June 22, 2010, by Peter Kirwan

Me and Orson Welles

This film comes as something of a holiday having recently written a performance history of Julius Caesar for the RSC Shakespeare single edition. Telling the story of Orson Welles’s seminal production of the play at New York’s Mercury Theatre in 1937 from the point of view of the actor playing Lucius, it’s a lovely slice of theatre life in pre-War New York.

Christian McKay (Orson Welles) and Zac Efron (Richard Samuels)

It’s also incredibly insightful about the production’s role in the history of the play. The first scene at the Mercury sees the actors fighting over Welles’ ruthless cutting of the text, including George Coulouris (Ben Chaplin) complaining about the streamlining of Antony’s role, hitherto considered the dramatic core of the play – not strictly true in terms of the play’s entire history, but spot-on in terms of early 20th century trends. Another subplot concerns the role of Cinna the Poet, played by Norman Lloyd (Leo Bill), and the dispute between actor and director over the importance of the role. In the shadow of war which pervades the film, the significance of this role gradually becomes more apparent – and, of course, one of the most important things about this production was its role in reintegrating the scene as essential to the play. In the final performance, it becomes the single most impactful moment of the play.
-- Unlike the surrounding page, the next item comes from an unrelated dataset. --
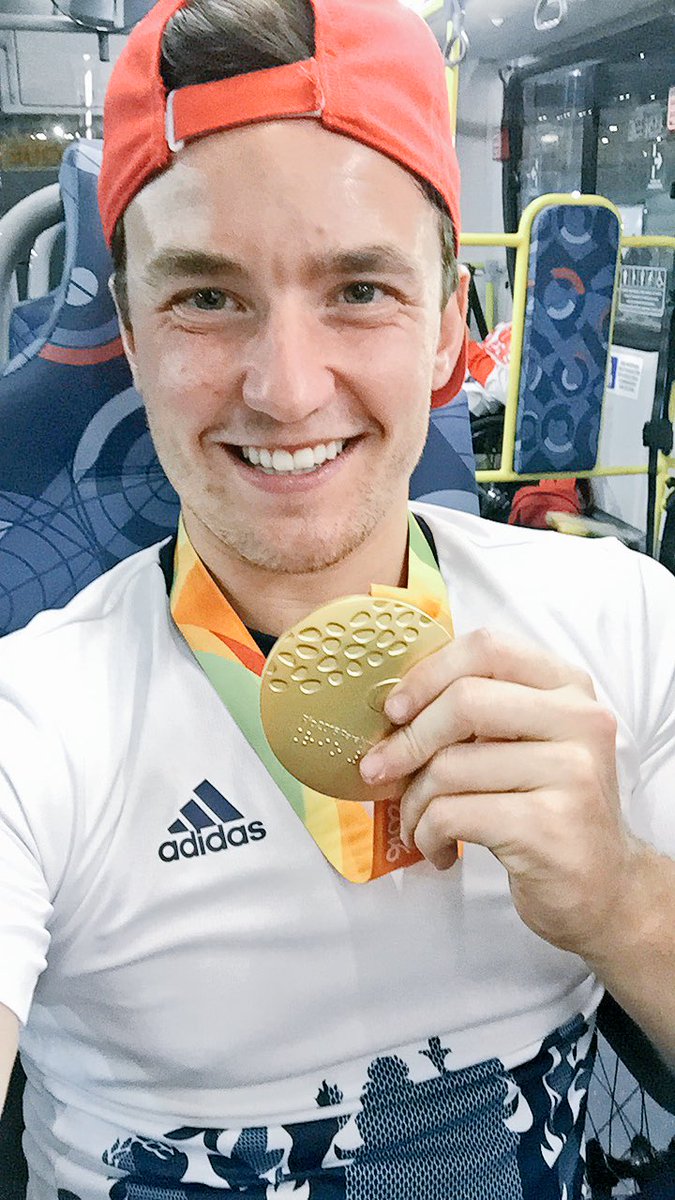 GordonReid91's tweet image. GOLD!!!!!!!!!! 
I can't believe it - Paralympic singles champion!!!! Thank you everybody for the love, overwhelming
As a backstage drama of the trials and practicalities of putting on a play, this was surprisingly gritty and really captivating. As a main plot, of a young boy’s introduction into a grown-up world he’s not ready for, it rather reminded me of An Education. Pleasingly, considering Efron is something of a Disney poster-boy, his horrifically naive accusations of "immoral" behaviour in Welles, and his complaints against being treated "unfairly", didn’t result in overdue self-discoveries and a change in behaviours; instead, it led to him being unceremoniously dumped from the company and the adult life and sent back to school. There was no place in this very practical world for drippy idealism.

So, surprisingly good film and fascinating recreation of a seminal production. Catch it if you can!